Supplied data:
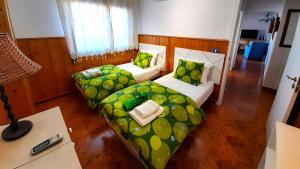 an overhead view of a bedroom with two beds at Puerto Santiago Plaza in Puerto de Santiago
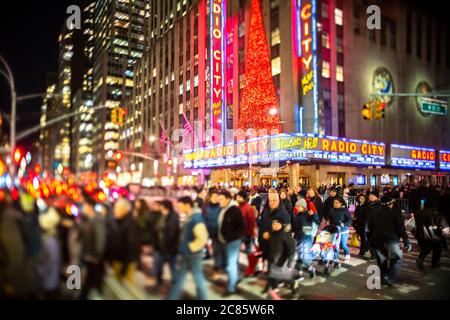 Eine Menschenmenge überquert die 6th Avenue vor der Radio City Music Hall Stockfoto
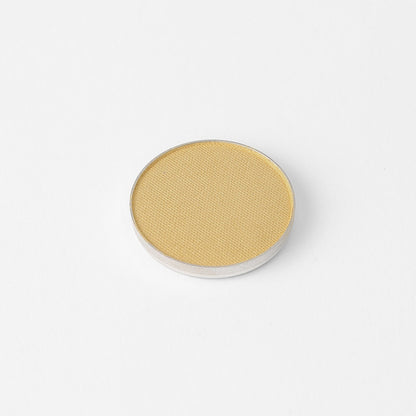 Pressed eyeshadow pan, light golden yellow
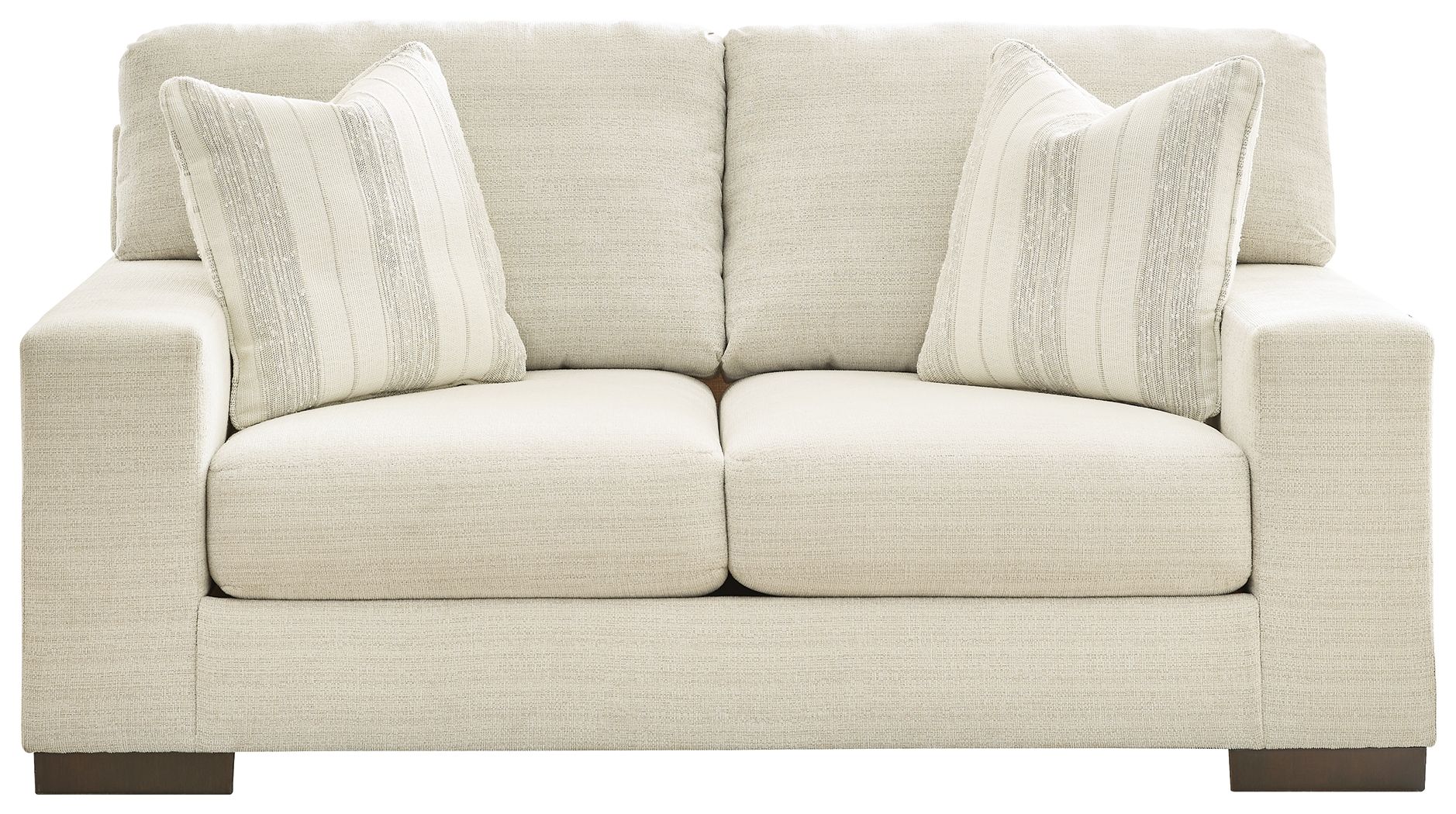 Cream loveseat with rolled arms, two front seat cushions, and three striped pillows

Instructions to follow: Reprint the whole listing above exactly, taking out the pictures.

Task output:
 an overhead view of a bedroom with two beds at Puerto Santiago Plaza in Puerto de Santiago
 Eine Menschenmenge überquert die 6th Avenue vor der Radio City Music Hall Stockfoto
 Pressed eyeshadow pan, light golden yellow
 Cream loveseat with rolled arms, two front seat cushions, and three striped pillows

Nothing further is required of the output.